L’opération ne devrait rien coûter, ou presque à la BCE. Si elle achète des dettes à 50% de leur valeur et que la remise finalement négociée est de moins que 50%, elle fera même un profit. Dans le cas extrême de la Grèce, qui pourrait répudier la moitié de sa dette, l’opération sera blanche. Bien sûr, le montant de la garantie de 50% n’est qu’une illustration. La BCE devra réfléchir soigneusement pour fixer ce montant, et sans doute le négocier à l’avance avec les pays concernés. Mais le caractère partiel de la garantie sera l’élément qui permettra d’amorcer le processus de remise de dettes, le grand tabou de la crise depuis ses débuts. Ce tabou – nous sommes des pays avancés et les pays avancés ne font pas de défaut – ignore le simple fait que plusieurs pays européens ne peuvent plus honorer leurs dettes publiques. Ils étouffent face à la méfiance des marchés, qui ne lâcheront pas prise tant que le défaut n’aura pas eu lieu. Alors, autant ravaler une fierté que ne justifient pas des décennies d’incurie, et accepter de tirer la conclusion qui est devenue inévitable. Le défaut est la condition nécessaire pour un redémarrage de la croissance. C’est un point essentiel : les déficits ne peuvent pas être réduits en situation de récession ou même de non-croissance.

Pour faire repartir la croissance, les gouvernements – tous les gouvernements – doivent cesser au plus vite leurs politiques d’austérité qui nourrissent le cercle vicieux austérité-récession-déficit-austérité. (Ce message vaut pour la France, qui s’engage aussi dans une voie sans issue.) Pour cela, les gouvernements doivent pouvoir à nouveau emprunter. Aujourd’hui, plusieurs d’entre eux ne peuvent plus emprunter, ou alors à des taux punitifs. Là encore, la BCE devra intervenir.
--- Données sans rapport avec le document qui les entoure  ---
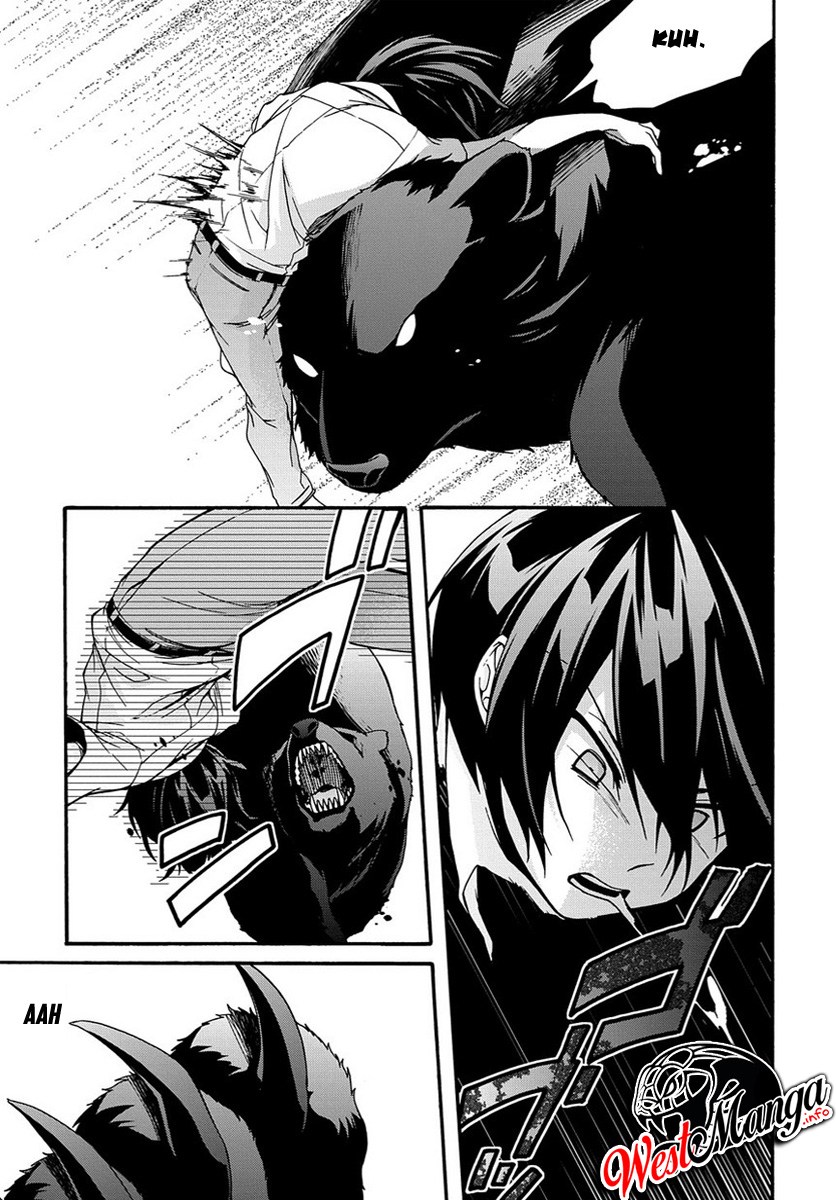 Garbage Brave: Isekai ni Shoukan Sare Suterareta Yuusha no Fukushuu Monogatari Chapter 02 Gambar 13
Cette fois, elle devra garantir les dettes futures, à 100% pour que les marchés accordent des nouveaux prêts. Mais elle ne doit le faire qu’en échange de la certitude que l’ère des déficits publics est définitivement révolue. Elle devra exiger en contrepartie que chaque pays adopte une règle constitutionnelle qui interdit les déficits, non pas année après année, mais sur la longue période. Les solutions existent. Non pas la règle d’or à la française, vouée à l’échec pour des raisons présentées ici, mais une règle claire, simple et précise, comme le frein à l’endettement adopté par l’Allemagne et l’Espagne. De plus, le non-respect de la règle devra être accompagné par une suspension automatique de la garantie de la BCE. Là encore, l’opération sera sans coût pour la BCE, parce qu’il s’agit d’une garantie et non d’achats de dette.

Le point délicat est que des restructurations de dettes pourraient bien conduire quelques banques, et non des moindres, à la faillite. C’est bien la raison pour laquelle les marchés financiers, qui ont déjà intégré la certitude de défauts publics, sont tellement méfiants à l’égard des banques, en particulier des banques françaises. Tout comme les défauts sont inéluctables, quelques faillites de banques sont inévitables. La réponse fournie jusqu’à maintenant est le déni. La bonne réponse est de prévoir ce cas. Le FSFE pourra alors être appelé à la rescousse, c’est plus dans ses moyens (élargis). Le sauvetage de banques en faillite n’a aucune raison de se faire au détriment des contribuables. Pour faire court, le gouvernement doit racheter les banques à bas prix, les recapitaliser et les revendre ensuite à bon prix. La Suède dans les années 1990, et la Suisse très récemment, ont montré comment de tels sauvetages peuvent être lucratifs pour le contribuable.

Ce sont là, bien sûr, des mesures audacieuses. Mais personne ne peut imaginer que mettre un terme à la crise se fera en continuant les politiques timorées suivies depuis le début. Le plan proposé ici est robuste et de nature à mettre fin à la catastrophe qui s’amplifie tous les jours. Qu’il soit politiquement acceptable est une autre question, mais la responsabilité des politiques devant l’histoire est clairement engagée.